The beautiful play kitchens that have been available from Milton & Goose for over a year now are manufactured in America’s Amish Country, in Lancaster, Pennsylvania, by a family-owned and operated venture. They're second-generation toymakers who now their craft well.
In true Amish tradition, our manufacturing partners operate mostly off-grid, using generators and pneumatic (or compressed-air) tools to run their workshop. They work carefully to minimize waste; you'd be hard-pressed to find a machine running unnecessarily or a light switch left on, because power is only used when required. Materials are planned carefully to reduce wood scraps, and excess cuts are recycled into other projects.
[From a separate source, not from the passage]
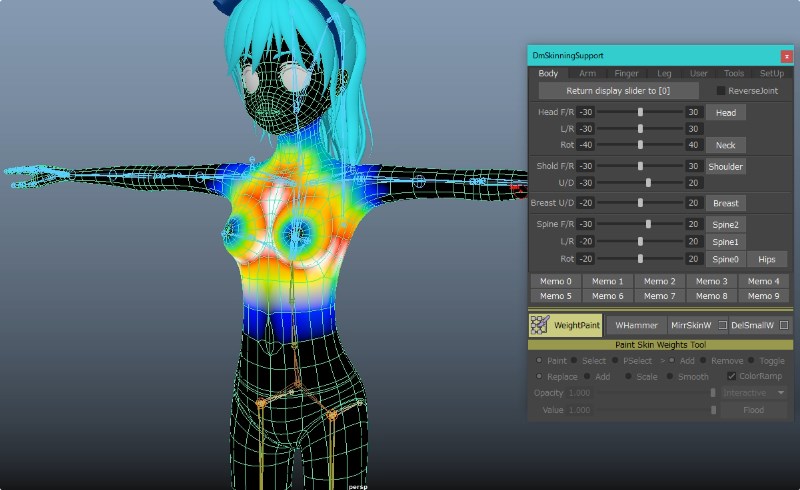 Maya插件 – 蒙皮插件 DmSkinningSupport for Maya Maya插件 – 蒙皮插件 DmSkinningSupport for Maya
The history of Amish furniture making and woodworking dates back to before the signing of the Declaration of Independence in the United States. It was the splitting of the Swiss Mennonite Church that led to the founding of Amish country, when large amounts of Swiss migrants settled in Pennsylvania, as well as parts of the Midwest. The communities that arose took advantage of the folk art focus in the 20th century, as Amish-made furniture became sought after by Americans outside of Amish country.
To this day, Amish furniture is known for its quality. Using high-caliber wood like maple, cedar, mahogany, oak, pine, and walnut, craftsmen choose the best type of wood depending on the specific piece of furniture being built. Knowing this attention to excellence and detail, as well as the fact that Amish woodworkers are U.S.-based, was a major reason Milton & Goose founder, Shari Raymond, chose the manufacturer she did.
Raymond has had to outsource just a few of the parts for her play kitchens (like the metal pieces, for instance), but chooses to work with local, family-owned businesses for CNC, laser, and metal work as well. All parts are sourced locally whenever possible.